Every line from the one containing "Elegance armchair and" to the one containing "full bath featuring" in the records below, both included, must be set down exactly, and no other line.

**Input data:**

==============================

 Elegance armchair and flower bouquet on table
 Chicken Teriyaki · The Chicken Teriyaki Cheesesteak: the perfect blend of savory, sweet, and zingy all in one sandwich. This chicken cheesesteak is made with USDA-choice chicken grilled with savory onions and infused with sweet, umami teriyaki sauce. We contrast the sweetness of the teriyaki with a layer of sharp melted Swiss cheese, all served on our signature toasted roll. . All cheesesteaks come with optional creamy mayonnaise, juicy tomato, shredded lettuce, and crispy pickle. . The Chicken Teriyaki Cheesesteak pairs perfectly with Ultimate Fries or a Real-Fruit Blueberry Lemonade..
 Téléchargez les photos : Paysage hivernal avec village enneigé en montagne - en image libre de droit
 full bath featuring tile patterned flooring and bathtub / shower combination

==============================

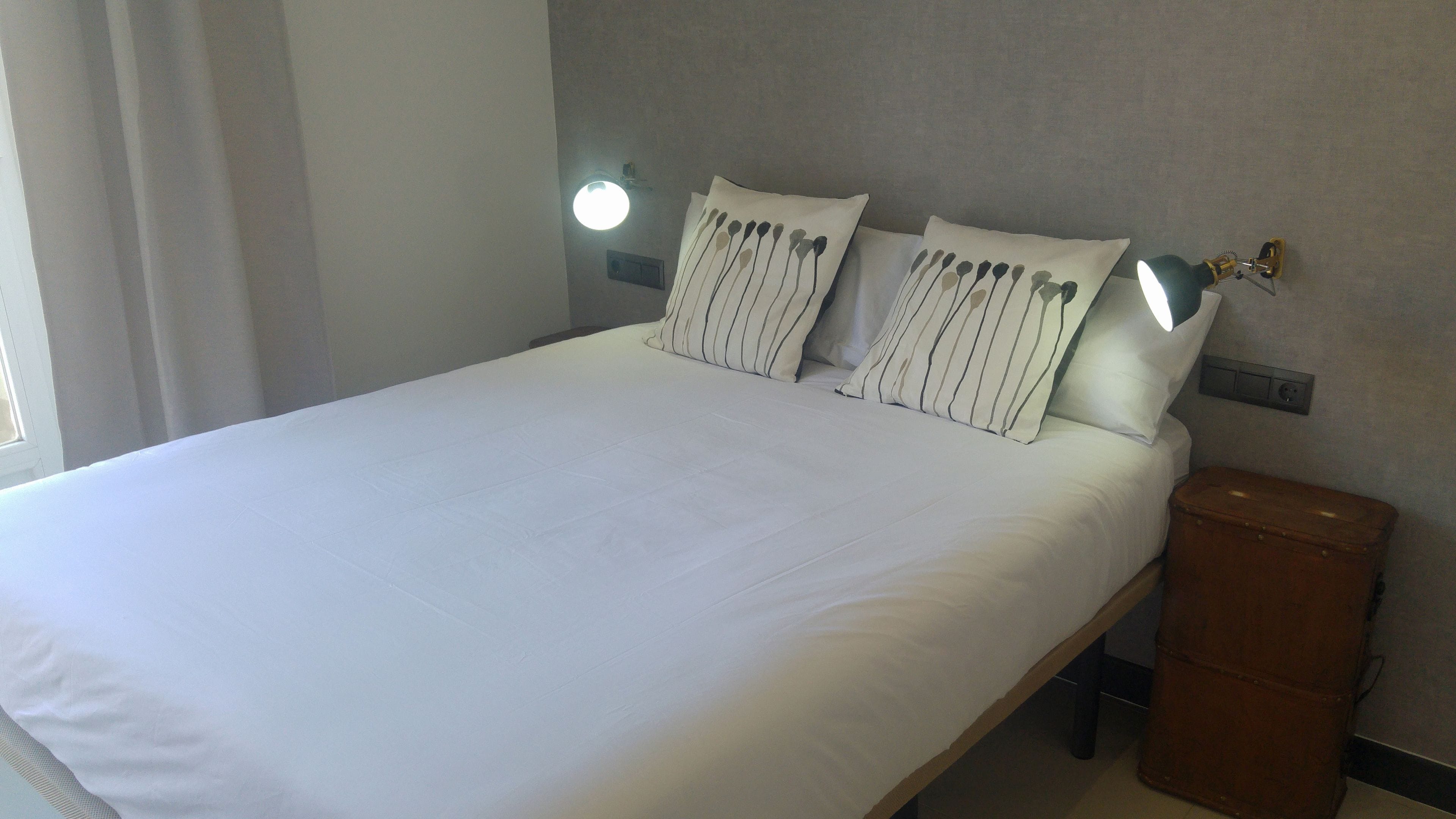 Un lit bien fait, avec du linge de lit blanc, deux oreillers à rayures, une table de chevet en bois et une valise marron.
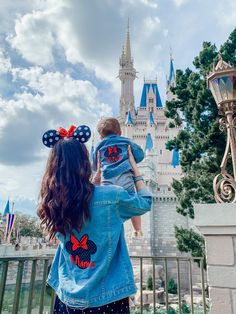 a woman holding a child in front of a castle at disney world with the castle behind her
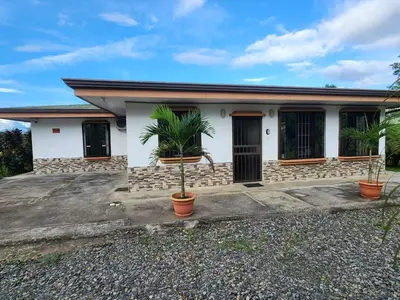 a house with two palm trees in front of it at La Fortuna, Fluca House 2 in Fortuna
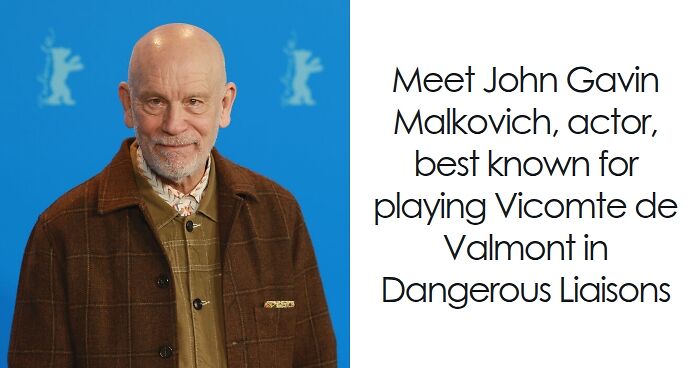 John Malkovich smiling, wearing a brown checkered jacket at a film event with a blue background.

==============================

**Written response:**
 Elegance armchair and flower bouquet on table
 Chicken Teriyaki · The Chicken Teriyaki Cheesesteak: the perfect blend of savory, sweet, and zingy all in one sandwich. This chicken cheesesteak is made with USDA-choice chicken grilled with savory onions and infused with sweet, umami teriyaki sauce. We contrast the sweetness of the teriyaki with a layer of sharp melted Swiss cheese, all served on our signature toasted roll. . All cheesesteaks come with optional creamy mayonnaise, juicy tomato, shredded lettuce, and crispy pickle. . The Chicken Teriyaki Cheesesteak pairs perfectly with Ultimate Fries or a Real-Fruit Blueberry Lemonade..
 Téléchargez les photos : Paysage hivernal avec village enneigé en montagne - en image libre de droit
 full bath featuring tile patterned flooring and bathtub / shower combination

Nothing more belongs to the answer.